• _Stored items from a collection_
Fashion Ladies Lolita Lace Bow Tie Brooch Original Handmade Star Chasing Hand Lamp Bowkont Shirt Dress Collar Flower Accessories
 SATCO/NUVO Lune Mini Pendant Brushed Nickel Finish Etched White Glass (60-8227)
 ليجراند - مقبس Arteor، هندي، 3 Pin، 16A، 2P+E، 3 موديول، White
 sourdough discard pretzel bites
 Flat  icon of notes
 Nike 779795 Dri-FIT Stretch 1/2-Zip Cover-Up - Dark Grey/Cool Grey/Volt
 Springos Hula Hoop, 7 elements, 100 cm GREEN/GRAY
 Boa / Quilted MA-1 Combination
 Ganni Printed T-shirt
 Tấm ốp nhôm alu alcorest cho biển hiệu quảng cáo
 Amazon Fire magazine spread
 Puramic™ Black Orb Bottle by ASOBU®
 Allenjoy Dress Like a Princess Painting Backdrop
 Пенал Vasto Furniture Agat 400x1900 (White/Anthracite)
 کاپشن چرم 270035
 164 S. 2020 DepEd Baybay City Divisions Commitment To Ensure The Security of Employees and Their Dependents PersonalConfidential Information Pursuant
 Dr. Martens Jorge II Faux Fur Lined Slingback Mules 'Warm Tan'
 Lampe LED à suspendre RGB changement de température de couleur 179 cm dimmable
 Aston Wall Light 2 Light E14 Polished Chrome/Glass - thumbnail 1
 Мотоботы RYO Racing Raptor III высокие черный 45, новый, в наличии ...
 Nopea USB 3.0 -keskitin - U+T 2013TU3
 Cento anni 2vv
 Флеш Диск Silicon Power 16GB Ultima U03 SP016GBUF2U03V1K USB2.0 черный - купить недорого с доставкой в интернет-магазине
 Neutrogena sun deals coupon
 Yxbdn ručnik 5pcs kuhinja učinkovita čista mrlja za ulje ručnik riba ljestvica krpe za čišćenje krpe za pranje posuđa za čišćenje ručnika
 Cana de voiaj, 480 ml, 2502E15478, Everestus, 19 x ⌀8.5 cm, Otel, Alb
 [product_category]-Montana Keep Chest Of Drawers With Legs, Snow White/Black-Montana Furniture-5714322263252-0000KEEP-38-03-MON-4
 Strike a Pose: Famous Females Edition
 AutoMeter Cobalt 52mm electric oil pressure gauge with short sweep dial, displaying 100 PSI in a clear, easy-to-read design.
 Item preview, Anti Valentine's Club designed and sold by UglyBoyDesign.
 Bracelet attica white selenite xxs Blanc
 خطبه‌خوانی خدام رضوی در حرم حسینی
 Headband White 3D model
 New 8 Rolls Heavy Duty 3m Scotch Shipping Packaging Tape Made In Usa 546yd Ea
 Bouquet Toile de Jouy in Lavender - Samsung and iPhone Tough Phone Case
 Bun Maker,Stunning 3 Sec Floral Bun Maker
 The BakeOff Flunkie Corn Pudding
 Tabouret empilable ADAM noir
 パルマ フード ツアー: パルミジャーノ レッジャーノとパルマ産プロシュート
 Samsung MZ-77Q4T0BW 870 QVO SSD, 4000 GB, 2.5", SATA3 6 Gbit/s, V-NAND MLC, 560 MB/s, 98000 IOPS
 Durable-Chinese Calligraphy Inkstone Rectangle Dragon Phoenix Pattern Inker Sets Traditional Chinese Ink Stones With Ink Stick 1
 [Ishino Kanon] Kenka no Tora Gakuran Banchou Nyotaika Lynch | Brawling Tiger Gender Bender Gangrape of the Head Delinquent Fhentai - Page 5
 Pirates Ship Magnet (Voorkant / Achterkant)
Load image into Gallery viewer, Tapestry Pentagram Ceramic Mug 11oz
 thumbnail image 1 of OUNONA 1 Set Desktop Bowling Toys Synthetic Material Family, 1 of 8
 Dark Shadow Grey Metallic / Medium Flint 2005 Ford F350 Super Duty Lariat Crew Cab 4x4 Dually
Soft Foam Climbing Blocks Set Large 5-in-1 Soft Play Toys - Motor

• _Directions_
Which lines hold the string "Dress"? Copy all of them from the data above.

• _Finished task_
Fashion Ladies Lolita Lace Bow Tie Brooch Original Handmade Star Chasing Hand Lamp Bowkont Shirt Dress Collar Flower Accessories
 Allenjoy Dress Like a Princess Painting Backdrop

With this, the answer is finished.